Work to be completed
In the entries below, find the line with "Lassig Mini nerka frotte Tiny Team Kotek" and the line with "居室・リビング　※写真は同タイプ住戸です。". Repeat exactly everything between them, those two lines included, but not the pictures.

Dataset excerpts
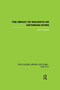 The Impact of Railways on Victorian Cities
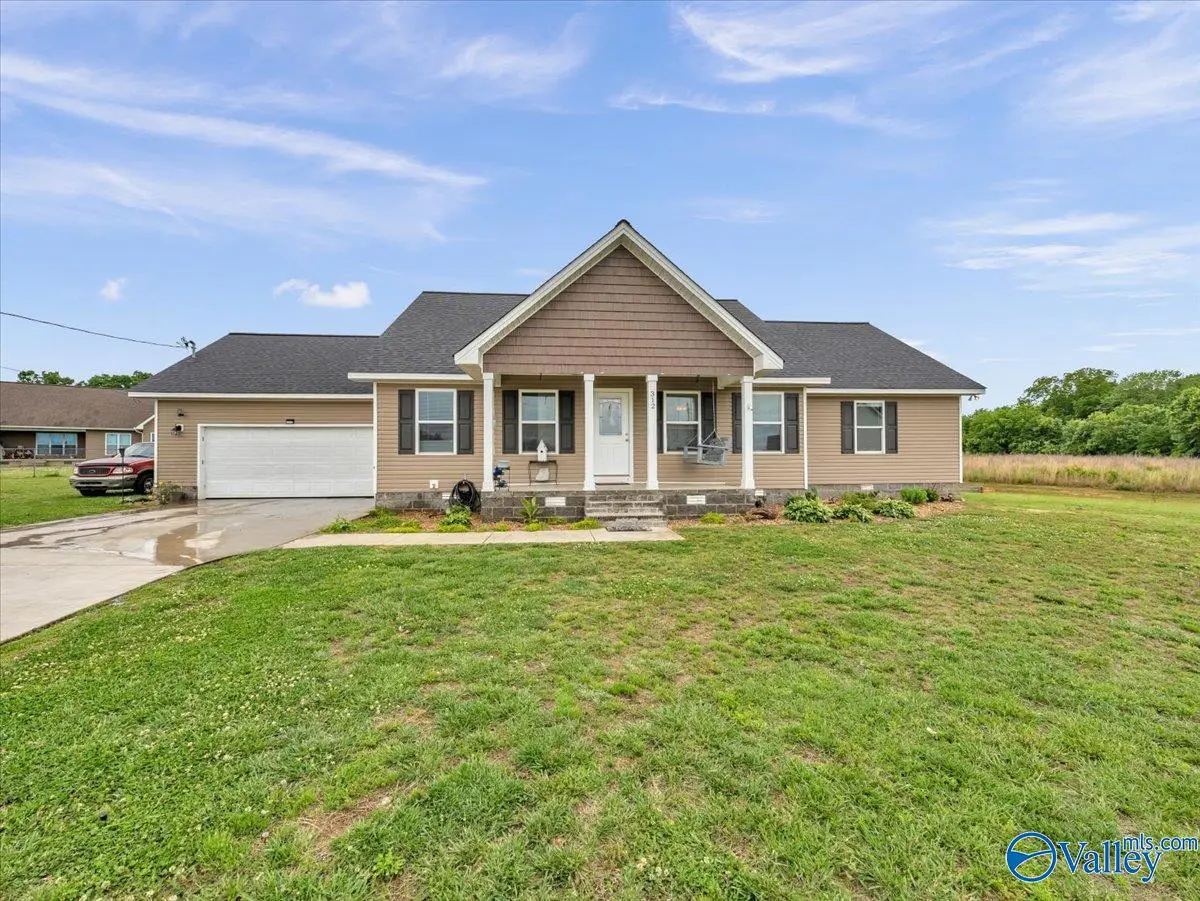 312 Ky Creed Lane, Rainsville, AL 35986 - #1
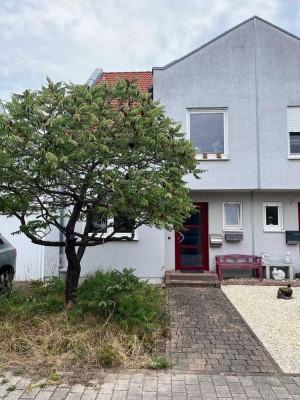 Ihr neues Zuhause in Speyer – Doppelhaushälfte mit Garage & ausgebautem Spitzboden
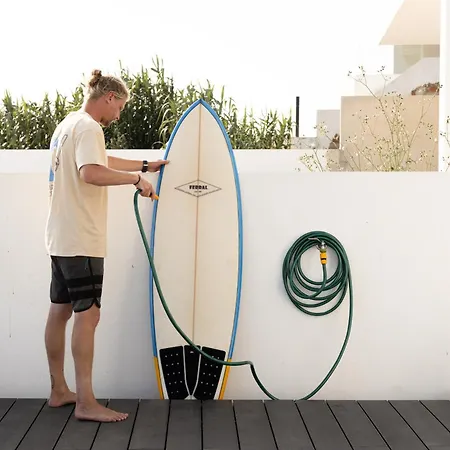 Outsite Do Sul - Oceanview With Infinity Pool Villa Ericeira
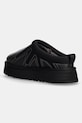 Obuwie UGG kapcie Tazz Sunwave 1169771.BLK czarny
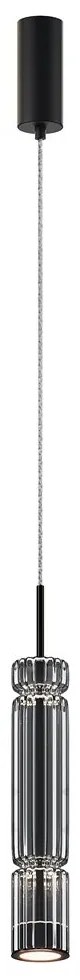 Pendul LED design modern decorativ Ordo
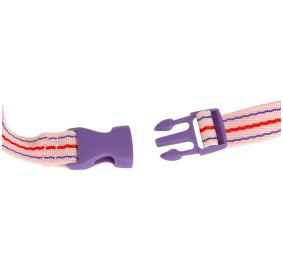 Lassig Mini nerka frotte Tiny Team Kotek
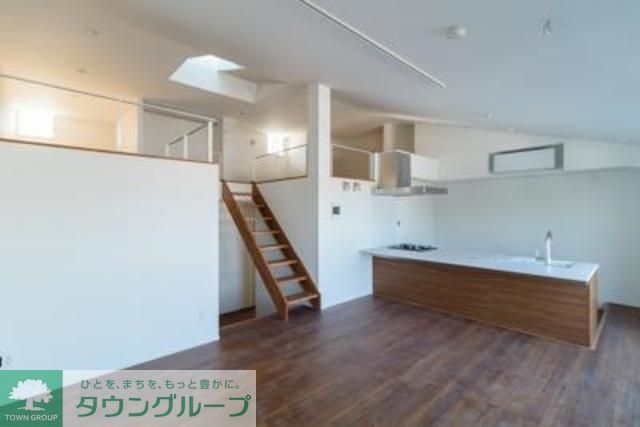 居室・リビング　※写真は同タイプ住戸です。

* * *

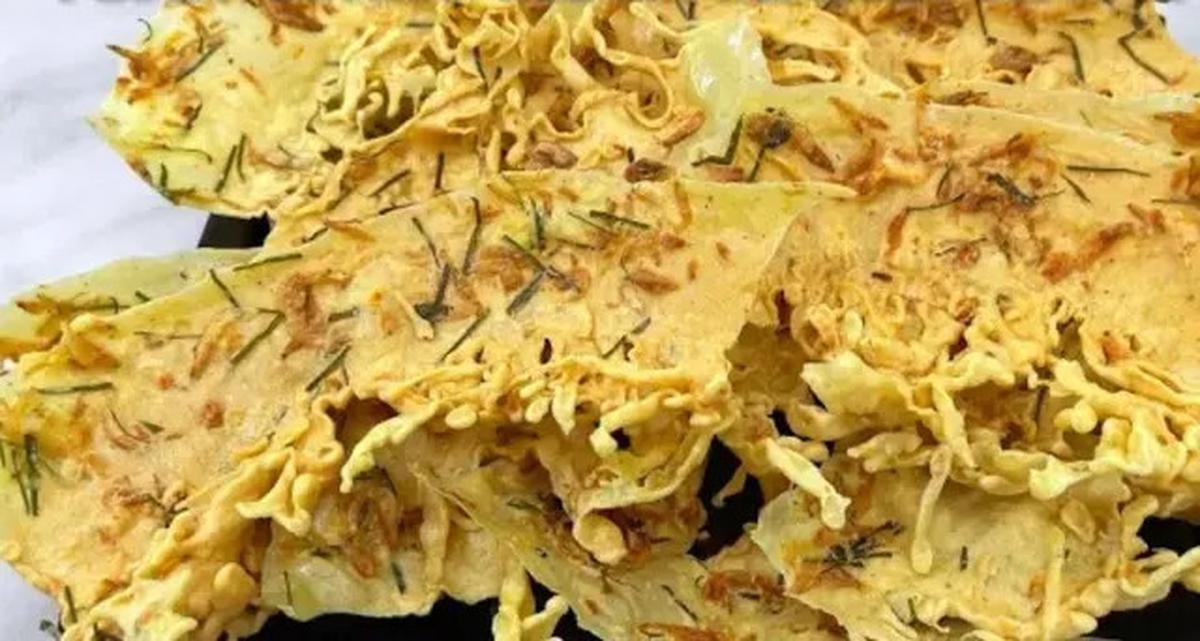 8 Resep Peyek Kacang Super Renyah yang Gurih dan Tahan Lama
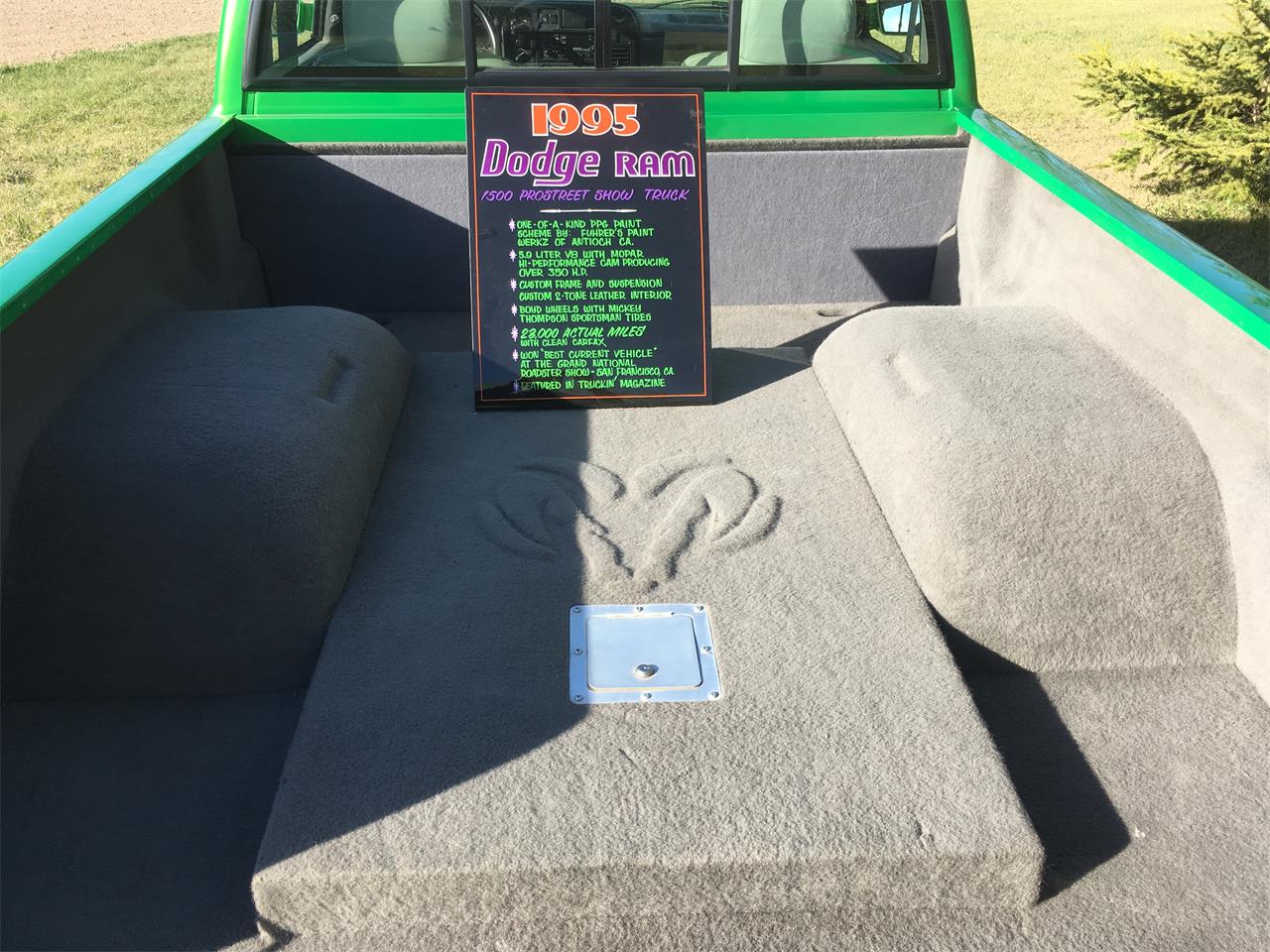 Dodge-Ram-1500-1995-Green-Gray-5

Output of the exercise
 Lassig Mini nerka frotte Tiny Team Kotek
 居室・リビング　※写真は同タイプ住戸です。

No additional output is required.